Read the records below and report each line in which "dark" occurs.

[Scraped caption text data]

-*-*-

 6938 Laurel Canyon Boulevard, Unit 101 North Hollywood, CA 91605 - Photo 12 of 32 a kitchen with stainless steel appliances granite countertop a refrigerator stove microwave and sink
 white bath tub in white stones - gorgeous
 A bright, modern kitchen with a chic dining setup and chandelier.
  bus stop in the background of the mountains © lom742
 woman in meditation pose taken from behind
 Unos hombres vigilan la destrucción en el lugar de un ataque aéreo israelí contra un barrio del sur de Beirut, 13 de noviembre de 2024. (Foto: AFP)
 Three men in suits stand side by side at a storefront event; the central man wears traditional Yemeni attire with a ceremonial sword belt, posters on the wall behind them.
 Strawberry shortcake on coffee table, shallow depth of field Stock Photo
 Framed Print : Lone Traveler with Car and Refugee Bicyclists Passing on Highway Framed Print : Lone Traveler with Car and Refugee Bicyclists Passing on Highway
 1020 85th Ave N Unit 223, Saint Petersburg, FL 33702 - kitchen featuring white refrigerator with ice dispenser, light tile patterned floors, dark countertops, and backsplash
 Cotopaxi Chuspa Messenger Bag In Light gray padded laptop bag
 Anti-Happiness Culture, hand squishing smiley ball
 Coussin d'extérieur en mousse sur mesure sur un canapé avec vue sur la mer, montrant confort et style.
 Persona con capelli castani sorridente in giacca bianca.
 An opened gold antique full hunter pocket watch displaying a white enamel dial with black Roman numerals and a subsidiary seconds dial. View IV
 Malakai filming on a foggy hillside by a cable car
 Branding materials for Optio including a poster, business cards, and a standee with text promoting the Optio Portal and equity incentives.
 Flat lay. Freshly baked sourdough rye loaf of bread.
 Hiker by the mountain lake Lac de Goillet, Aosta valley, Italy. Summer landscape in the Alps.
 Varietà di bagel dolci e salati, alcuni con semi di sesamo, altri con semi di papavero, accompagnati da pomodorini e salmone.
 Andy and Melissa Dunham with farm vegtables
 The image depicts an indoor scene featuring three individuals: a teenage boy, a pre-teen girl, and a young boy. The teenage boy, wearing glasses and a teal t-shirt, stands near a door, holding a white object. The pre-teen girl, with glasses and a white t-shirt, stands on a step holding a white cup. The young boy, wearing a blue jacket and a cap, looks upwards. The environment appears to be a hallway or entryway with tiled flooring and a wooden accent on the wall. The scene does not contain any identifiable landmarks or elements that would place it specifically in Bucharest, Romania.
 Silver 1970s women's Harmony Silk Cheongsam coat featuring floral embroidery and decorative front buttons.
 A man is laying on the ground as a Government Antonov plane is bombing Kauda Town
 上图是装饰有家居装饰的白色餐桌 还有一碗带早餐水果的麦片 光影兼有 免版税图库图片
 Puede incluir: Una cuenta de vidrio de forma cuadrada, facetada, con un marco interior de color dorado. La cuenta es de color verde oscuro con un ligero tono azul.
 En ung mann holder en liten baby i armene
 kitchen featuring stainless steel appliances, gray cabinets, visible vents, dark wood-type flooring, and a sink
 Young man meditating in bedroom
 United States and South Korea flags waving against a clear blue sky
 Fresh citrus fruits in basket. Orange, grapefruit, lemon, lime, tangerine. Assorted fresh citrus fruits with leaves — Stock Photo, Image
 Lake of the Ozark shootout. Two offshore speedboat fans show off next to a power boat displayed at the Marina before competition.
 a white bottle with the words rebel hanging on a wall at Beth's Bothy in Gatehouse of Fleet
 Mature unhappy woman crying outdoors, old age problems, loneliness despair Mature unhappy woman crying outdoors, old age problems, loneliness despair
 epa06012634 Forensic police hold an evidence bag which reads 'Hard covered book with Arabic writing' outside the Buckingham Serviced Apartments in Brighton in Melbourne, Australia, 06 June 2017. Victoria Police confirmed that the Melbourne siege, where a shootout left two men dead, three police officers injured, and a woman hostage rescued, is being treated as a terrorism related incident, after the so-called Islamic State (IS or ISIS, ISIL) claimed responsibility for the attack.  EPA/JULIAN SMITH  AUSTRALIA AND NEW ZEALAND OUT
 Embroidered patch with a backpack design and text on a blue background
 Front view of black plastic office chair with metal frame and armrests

-*-*-

Solution >>
 1020 85th Ave N Unit 223, Saint Petersburg, FL 33702 - kitchen featuring white refrigerator with ice dispenser, light tile patterned floors, dark countertops, and backsplash
 kitchen featuring stainless steel appliances, gray cabinets, visible vents, dark wood-type flooring, and a sink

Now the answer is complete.